▶ _TASK TO CARRY OUT_
Copy out all of the entries, keeping every word the same.

+ + + + +

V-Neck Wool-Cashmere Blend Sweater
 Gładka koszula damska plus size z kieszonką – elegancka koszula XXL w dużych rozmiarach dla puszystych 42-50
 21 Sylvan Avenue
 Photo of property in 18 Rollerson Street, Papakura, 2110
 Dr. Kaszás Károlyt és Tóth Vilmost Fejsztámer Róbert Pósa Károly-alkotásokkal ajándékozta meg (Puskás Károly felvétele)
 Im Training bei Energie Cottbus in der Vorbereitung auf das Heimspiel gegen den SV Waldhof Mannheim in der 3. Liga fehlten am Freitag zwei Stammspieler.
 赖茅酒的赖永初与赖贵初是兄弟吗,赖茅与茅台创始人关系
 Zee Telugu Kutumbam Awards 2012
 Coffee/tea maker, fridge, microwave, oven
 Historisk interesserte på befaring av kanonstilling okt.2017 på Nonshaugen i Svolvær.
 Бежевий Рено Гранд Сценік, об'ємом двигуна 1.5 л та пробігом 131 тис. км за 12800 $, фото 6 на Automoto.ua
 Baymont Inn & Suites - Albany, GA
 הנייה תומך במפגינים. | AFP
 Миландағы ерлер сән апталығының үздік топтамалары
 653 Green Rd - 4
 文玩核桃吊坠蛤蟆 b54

+ + + + +

▶ _ANSWER FOR THIS EXERCISE_
V-Neck Wool-Cashmere Blend Sweater
 Gładka koszula damska plus size z kieszonką – elegancka koszula XXL w dużych rozmiarach dla puszystych 42-50
 21 Sylvan Avenue
 Photo of property in 18 Rollerson Street, Papakura, 2110
 Dr. Kaszás Károlyt és Tóth Vilmost Fejsztámer Róbert Pósa Károly-alkotásokkal ajándékozta meg (Puskás Károly felvétele)
 Im Training bei Energie Cottbus in der Vorbereitung auf das Heimspiel gegen den SV Waldhof Mannheim in der 3. Liga fehlten am Freitag zwei Stammspieler.
 赖茅酒的赖永初与赖贵初是兄弟吗,赖茅与茅台创始人关系
 Zee Telugu Kutumbam Awards 2012
 Coffee/tea maker, fridge, microwave, oven
 Historisk interesserte på befaring av kanonstilling okt.2017 på Nonshaugen i Svolvær.
 Бежевий Рено Гранд Сценік, об'ємом двигуна 1.5 л та пробігом 131 тис. км за 12800 $, фото 6 на Automoto.ua
 Baymont Inn & Suites - Albany, GA
 הנייה תומך במפגינים. | AFP
 Миландағы ерлер сән апталығының үздік топтамалары
 653 Green Rd - 4
 文玩核桃吊坠蛤蟆 b54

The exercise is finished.